There are a couple of reasons why I didn't need to bring him up until now. First, he already is one of the great fantasy players and better than the likes of James Harden, LeBron James, Russell Westbrook and Durant for all of the reasons that Joe Kaiser points out when making his case for Curry at No. 1. I can't really add anything to that -- watching Curry ball is like watching somebody rolling on the "arcade" level of a video game.

But that brings me to the other reason. This isn't about Curry. It's about the epic heights that Davis' stat line could go this season.

Do we really think that Curry's numbers will expand this season on a team that is talented and has set roles? Surely Curry could lead the league in scoring, but what are the odds he suddenly cranks out 19-20 shots per game this season after averaging 16.8 FGA last season?

Plus, what does Curry really offer that Davis doesn't? Primarily 3-pointers and assists. But you can get most of those 7-9 assists per game by picking a point guard later in the draft, and everybody shoots 3s in this era (39 players last season averaged at least 1.8 3-pointers a game or exactly half of Curry's 3.6 3-pointers a game pace).

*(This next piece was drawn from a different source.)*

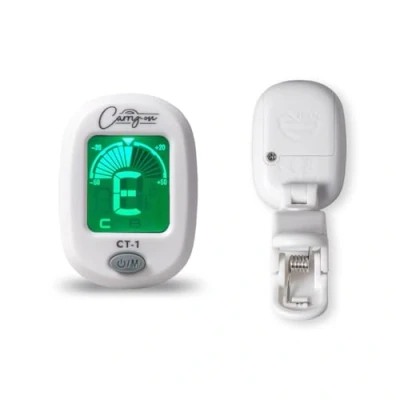 Imagen de Carry on CT 1 Afinador cromático con clip para guitarra, bajo, ukelele C pantalla LCD giratoria, color blanco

One more big sticking point for me is Alvin Gentry. You remember, the man who orchestrated the Golden State Warriors' potent offense last season -- the man who is now coaching the New Orleans Pelicans. Last season, they ranked 27th in the NBA in pace at 93.7, while the Warriors led at 100.7 -- 1.4 more than the second-place Houston Rockets.

It's safe to say that Davis' volume of attempts from the field, free throw line and 3-point line are all going to rise this season, as will his rebounding and assist opportunities.

The only genuine concern in my eyes is durability -- it's a legitimate issue, because he has played just 64, 67 and 68 games during his first three seasons.

I'm not going to sweat it much, though, because he already has an NBA-ready body and hasn't had any serious injuries to date. Most players take time to adjust to the rigors of being a heavily used player in an 82-game campaign. You need to look no further than Curry himself to find an example of a superstar who battled injuries when he was younger but turned into an iron man.

Regardless, I would rather risk missing Unibrow for a few weeks this season than miss out on what I expect to be an epic fantasy performance that could surpass the best we ever saw from guys like KG and Hakeem Olajuwon.

Draft Davis No. 1, and you will give your team a statistical backbone that will put you way ahead of the pack before you even draft your second player.